(Dataset excerpts)
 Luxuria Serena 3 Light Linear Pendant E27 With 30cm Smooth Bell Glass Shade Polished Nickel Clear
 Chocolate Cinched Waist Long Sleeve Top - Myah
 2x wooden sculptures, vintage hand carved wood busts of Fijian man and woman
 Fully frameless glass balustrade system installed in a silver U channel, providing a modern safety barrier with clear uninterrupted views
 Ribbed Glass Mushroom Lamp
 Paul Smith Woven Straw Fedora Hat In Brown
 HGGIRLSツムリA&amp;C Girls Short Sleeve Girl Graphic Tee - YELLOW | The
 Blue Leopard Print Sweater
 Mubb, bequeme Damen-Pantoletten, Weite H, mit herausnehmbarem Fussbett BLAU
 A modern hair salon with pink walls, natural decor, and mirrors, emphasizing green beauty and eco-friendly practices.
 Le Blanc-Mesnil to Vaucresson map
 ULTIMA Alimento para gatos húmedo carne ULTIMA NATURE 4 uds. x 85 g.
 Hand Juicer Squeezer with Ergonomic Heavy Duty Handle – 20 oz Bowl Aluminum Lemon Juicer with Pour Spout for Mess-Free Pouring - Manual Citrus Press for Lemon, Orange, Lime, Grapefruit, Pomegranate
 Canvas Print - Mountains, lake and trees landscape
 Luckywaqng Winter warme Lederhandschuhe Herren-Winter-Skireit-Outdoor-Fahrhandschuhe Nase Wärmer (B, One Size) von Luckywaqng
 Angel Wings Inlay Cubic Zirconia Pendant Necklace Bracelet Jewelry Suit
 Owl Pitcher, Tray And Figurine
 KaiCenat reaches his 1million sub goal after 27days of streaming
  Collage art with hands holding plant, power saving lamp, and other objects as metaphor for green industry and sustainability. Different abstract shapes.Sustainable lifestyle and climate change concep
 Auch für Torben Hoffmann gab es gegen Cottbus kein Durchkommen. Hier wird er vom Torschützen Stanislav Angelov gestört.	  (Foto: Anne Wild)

→ What is expected
Tally the lines in the records that contain "Pendant", then give only the tally.

→ Result
2